Le Cannet : un policier à moto percuté par une conductrice en fuite, ses collègues ouvrent le feu

Un contrôle de routine qui tourne presque au drame. Samedi 27 juin vers 19h, sur le boulevard Sadi-Carnot au Cannet, près de Cannes, des policiers de la BAC ont tenté d’intercepter un véhicule suspect.
Ce qui s’annonçait comme une vérification classique s’est transformé en quelques secondes en course-poursuite violente. Une scène filmée, aux images jugées glaçantes par ceux qui les ont visionnées.
Une transaction suspecte à l’origine du contrôle
Selon les premiers éléments de l’enquête, les fonctionnaires de la BAC de Cannes avaient repéré une scène qui ressemblait à une transaction de stupéfiants. C’est ce qui a motivé leur intervention sur le boulevard Sadi-Carnot.
La conductrice, une femme d’une trentaine d’années, aurait refusé de se soumettre au contrôle. Ce type de refus d’obtempérer n’est malheureusement pas isolé, mais celui-ci a pris une tournure particulièrement dangereuse.
Face aux policiers, elle aurait alors effectué une manœuvre brutale pour échapper au contrôle. Une décision qui allait mettre en danger la vie de plusieurs fonctionnaires présents sur place.
Le moment où tout bascule

Dans sa fuite précipitée, la conductrice a percuté de plein fouet un policier à moto. L’homme a été projeté au sol sous le choc, dans une scène similaire à d’autres policiers à moto percutés lors de refus d’obtempérer ces derniers mois.
Un second fonctionnaire aurait également été touché : le véhicule lui serait passé sur le pied lors de la manœuvre.
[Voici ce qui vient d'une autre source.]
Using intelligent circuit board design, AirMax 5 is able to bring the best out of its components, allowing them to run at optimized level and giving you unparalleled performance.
Deux policiers blessés en quelques secondes, pour un simple contrôle qui a mal tourné.

Face à ce déchaînement de violence, un troisième policier a pris la décision d’ouvrir le feu. Il a tiré à deux reprises en direction du véhicule qui tentait de s’échapper.
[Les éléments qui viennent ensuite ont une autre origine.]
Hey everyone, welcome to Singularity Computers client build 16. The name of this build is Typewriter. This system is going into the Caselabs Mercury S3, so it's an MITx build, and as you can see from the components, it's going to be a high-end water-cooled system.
Ces situations où des policiers ouvrent le feu après un refus d’obtempérer restent rares, mais elles se multiplient ces dernières années sur fond de tension entre forces de l’ordre et automobilistes récalcitrants.
Une fuite qui s’achève à l’hôpital
Touchée à la jambe par l’un des tirs, la conductrice a pourtant réussi à prendre la fuite avec son véhicule. Elle n’est pas allée bien loin.
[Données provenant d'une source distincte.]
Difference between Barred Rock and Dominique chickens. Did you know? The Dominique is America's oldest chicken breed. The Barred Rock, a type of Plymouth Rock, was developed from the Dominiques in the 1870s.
Elle aurait abandonné sa voiture peu après, avant de se rendre elle-même à l’hôpital de Grasse pour recevoir des soins. C’est précisément là que les forces de l’ordre l’ont interpellée, quelques heures seulement après les faits.
Les deux policiers blessés lors de l’incident ont été pris en charge par les secours. Leurs jours ne sont heureusement pas en danger, malgré la violence du choc et la blessure au pied.
Une enquête à double détente

Le parquet de Grasse a ouvert une enquête pour tentative d’homicide volontaire sur personnes dépositaires de l’autorité publique. Une qualification lourde qui reflète la gravité des faits reprochés à la conductrice.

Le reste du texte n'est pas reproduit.